Myanmar can also expect to benefit from the “Commonwealth factor” (an advantage stemming from broadly comparable legal systems as well as administrative processes and institutions) that purportedly accounts for trade and investment gains of 10 to 15 percent in the business sector within the Commonwealth. In the long run, the Commonwealth business network is predicted to enhance professional mobility and drive sizable remittance flows into Myanmar, foreseeably raising the Human Development Index (HDI) and advancing the Millennium Development Goals (MDG) of the republic.
Given that third world states overwhelmingly dominate the Commonwealth and its five first world members are hardly hegemonic, Myanmar can be rest assured that it will neither face economic alienation nor be subjected to a neo-liberal crusade against its self-determined route to economic development. Unlike Bretton Woods institutions, the Commonwealth has never been particularly ideological in the sense of advancing a neo-liberal agenda. The Harare Declaration recognizes that free trade must be “fair and equitable to all, taking account of the special requirements of developing countries.” It calls for “an adequate flow of resources from the developed to developing countries” and the “progressive removal of the wide disparities in living standards” among its members. In fact, economic discourses in the Commonwealth have largely erred on the side of pragmatism (e.g. promotion of private-public partnerships, education, and ICT developments).
To be sure, membership in the Commonwealth is not an antidote to all Myanmar’s problems. Nonetheless, it can make a great contribution to Myanmar’s solutions by serving as a valuable catalyst in promoting friendship and practical cooperation around the globe. As Myanmar seeks to become a “normal” state, membership in international organizations is a predictable step toward its integration into the liberal world order. In the age of global political uncertainty, the Commonwealth of Nations, rooted in soft regionalism and characterized by informal ties, low politics, and network diplomacy, appears to be Myanmar’s “low-hanging fruit” in its possible choice of organizational membership.
However, global concerns over Myanmar’s Rohingya crisis seem to be the chief stumbling block to the republic’s potential accession to the Commonwealth.
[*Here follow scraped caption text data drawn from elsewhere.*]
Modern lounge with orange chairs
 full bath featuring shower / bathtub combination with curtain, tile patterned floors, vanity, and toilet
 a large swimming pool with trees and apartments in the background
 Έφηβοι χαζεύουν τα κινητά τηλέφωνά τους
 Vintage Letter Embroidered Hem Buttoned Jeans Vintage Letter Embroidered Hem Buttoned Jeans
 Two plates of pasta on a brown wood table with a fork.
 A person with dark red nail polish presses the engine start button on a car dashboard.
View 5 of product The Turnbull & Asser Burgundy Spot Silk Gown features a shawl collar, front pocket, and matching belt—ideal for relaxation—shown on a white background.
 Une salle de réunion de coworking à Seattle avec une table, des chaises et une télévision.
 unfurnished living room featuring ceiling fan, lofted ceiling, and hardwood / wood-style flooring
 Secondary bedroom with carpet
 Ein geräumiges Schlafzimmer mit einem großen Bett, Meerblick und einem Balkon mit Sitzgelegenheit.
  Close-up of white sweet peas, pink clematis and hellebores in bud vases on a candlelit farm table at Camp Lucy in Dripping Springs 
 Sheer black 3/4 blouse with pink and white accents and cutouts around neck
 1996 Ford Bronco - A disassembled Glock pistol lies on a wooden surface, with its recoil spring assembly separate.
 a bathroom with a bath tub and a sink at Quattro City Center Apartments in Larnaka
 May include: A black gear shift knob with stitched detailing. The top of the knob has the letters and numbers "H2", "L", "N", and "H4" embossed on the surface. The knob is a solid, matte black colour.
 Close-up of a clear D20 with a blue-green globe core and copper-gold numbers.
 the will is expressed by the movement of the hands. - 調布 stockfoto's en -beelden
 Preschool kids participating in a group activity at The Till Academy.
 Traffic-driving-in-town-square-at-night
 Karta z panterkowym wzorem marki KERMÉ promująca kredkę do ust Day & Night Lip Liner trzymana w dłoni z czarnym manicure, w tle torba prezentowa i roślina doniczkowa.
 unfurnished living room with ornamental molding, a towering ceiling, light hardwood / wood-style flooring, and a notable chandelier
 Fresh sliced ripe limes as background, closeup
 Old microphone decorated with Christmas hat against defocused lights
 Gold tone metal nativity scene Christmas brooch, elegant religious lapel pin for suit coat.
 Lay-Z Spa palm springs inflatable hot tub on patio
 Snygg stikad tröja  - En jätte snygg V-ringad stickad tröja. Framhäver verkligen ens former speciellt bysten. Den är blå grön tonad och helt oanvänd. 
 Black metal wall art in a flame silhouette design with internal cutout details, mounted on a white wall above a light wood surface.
It may be premature to consider the positive impact membership in the Commonwealth may bring to the local peace process when Suu Kyi appears ambivalent to the alleged genocide of Rohingya Muslims in the first place. If Myanmar intends to seek Commonwealth membership, Suu Kyi will have to demonstrate, in the Rohingya crisis, the racial inclusiveness, transparency, and political accountability central to core Commonwealth principles before Myanmar seeks general endorsement as an applicant country to the Commonwealth of Nations.
Stefan Tan Ying Xian is a graduate from the London School of Economics and Political Science, where he majored in International Relations and History.